June 01, 2010

Oh Gulf of Mexico, Never Really Been & I Don't Wanna Go


Not completely true: when my uncle worked for Nabisco, he lived in Galveston with my aunt and their three boys. We visited them in the summer, and I remember that the Gulf felt like a warm bath. My maternal grandmother could never get the name right; kept calling it "Galwestern," so it's just as well my uncle and family moved back to Arlington. That kind of confusion can get on your nerves after a few decades. And Jimmy Webb would have gotten nowhere writing a song about Galwestern.


before I dry the tears she's cryin',
before I watch your sea birds flyin'...
but all gucked up!
They're all f**ked up!

It does not appear that any method of capping the Deep Horizon well is going to work after all. One might note, if one tended toward the cynical, that British Petroleum chose their order of solutions in a way consistent with maximal commercial recovery of the spouting oil. There was the box, which clogged up with methane hydrates, but would have allowed BP a way to pump oil from the gusher to a surface ship. And then sell the oil. The "topkill" and "junkshot" approaches are end-of-the-line methods, seemingly easier, but with no oil-sale payoff.
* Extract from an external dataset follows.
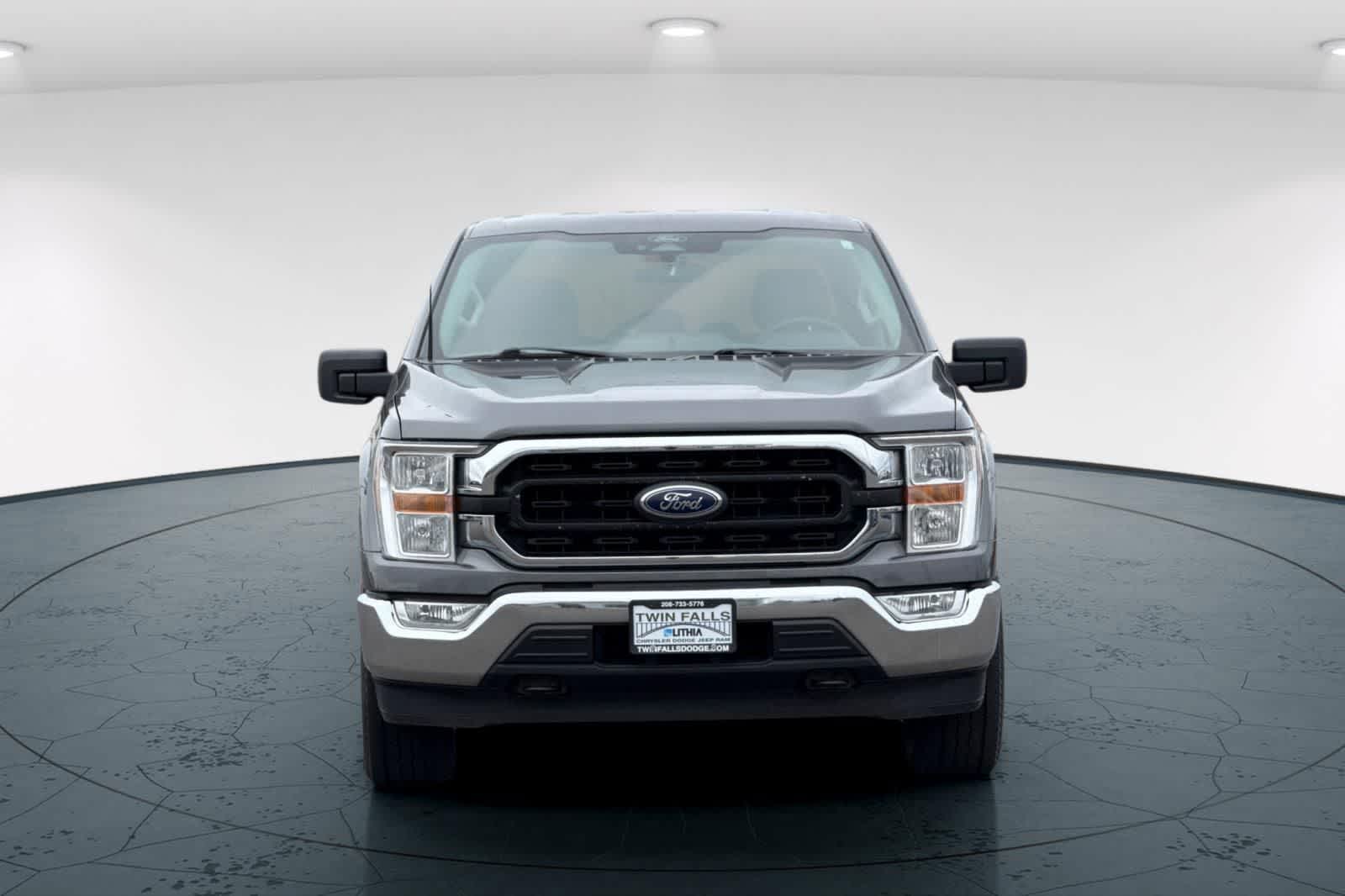 Thumbnail: 2022 Ford F-150 - 10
Anyway, nothing worked, and that's not really surprising. This is a formidable gusher, rising with enough force to overcome water pressures of 1,700 pounds per square inch at the seabed. So - great news! - there must really be a lot of oil in that reservoir BP tapped into! So the race is on: will BP's relief well get there before the reservoir plays itself out? I imagine that someone on Wall Street is figuring out a credit default swap on that one so we can all wager.

It's difficult to find a consistent figure for the quantity of oil entering the Gulf of Mexico. The ranges I have read go from 5,000 barrels on the low side up to 70,000 barrels. Again, I would imagine there is a huge margin of error involved here; while it's easy to talk about fixing this thing, or measuring the flow, it's difficult, for me at least, to envision what it's like to try to operate machinery in an intricate manner, by remote control, in pitch blackness, at a depth 5,000 feet beneath the surface. It's a wonder they can even find the well.
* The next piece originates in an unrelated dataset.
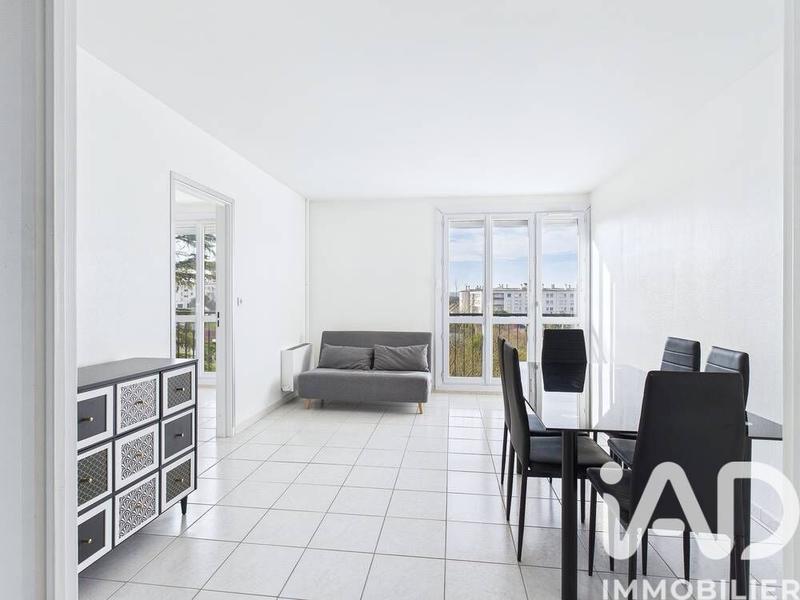 Appartement - 50 m² - 2 pièces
A consensus guess puts the flow at 20,000 barrels. Figuring 55 gallons to the barrel, we're looking at 1.1 million gallons a day. To give myself some mental picture of what that number means, I looked up the cubic volume of an Olympic swimming pool 50 meters long, 25 meters wide and 2 meters deep. Such a pool holds about 660,000 gallons. So we're not far away (or maybe even over, if the higher end estimates of oil flow are more accurate) from two Olympic-sized pools full of black, gooey petroleum entering the seas off Galwestern on a daily basis, as has been the case for about the last 6 weeks. And which will continue, probably, until August, unless the "riser cut" approach pans out, which does not look promising. So looking at 120 days of this stuff, we will dump about 240 Oly-sized pools into the Gulf of Mexico before this thing is brought under control. Since oil has a lower specific gravity than water (at least at comparable temperatures), eventually all of this goo will get to the surface where it can coat everything and do maximal damage.

Sun's so hot, I forgot to go home, guess I'll have to go now...

As for Presidential "optics," I don't personally care whether President Obama spends every day on the beach in Louisiana or not. He's got the wardrobe part down pat, having watched other "hands-on" Presidents take their turn at natural disaster management. No tie, windbreaker, some kind of hokey shoes, like Timberlands. Bending over thoughtfully and picking up a tar ball. A dead pelican would be more like it, or even...an albatross, but it doesn't really matter. I assume that Obama has no independent expertise in plugging deep-water oil wells. Modern politicians specialize in photo-ops and image creation rather than substantive competence. They're more in the way than anything else, and while they're in town there must be so much trouble over "advance men," and making sure the right local political hacks are in the frame with the Head Man, and the right Moments of Empathy are caught on film that it's probably better if Obama stays in D.C., or Chicago, or wherever, and allows the other federal know-nothings to nod sagely as people who actually work in the field of oil drilling talk out loud about their next futile strategy.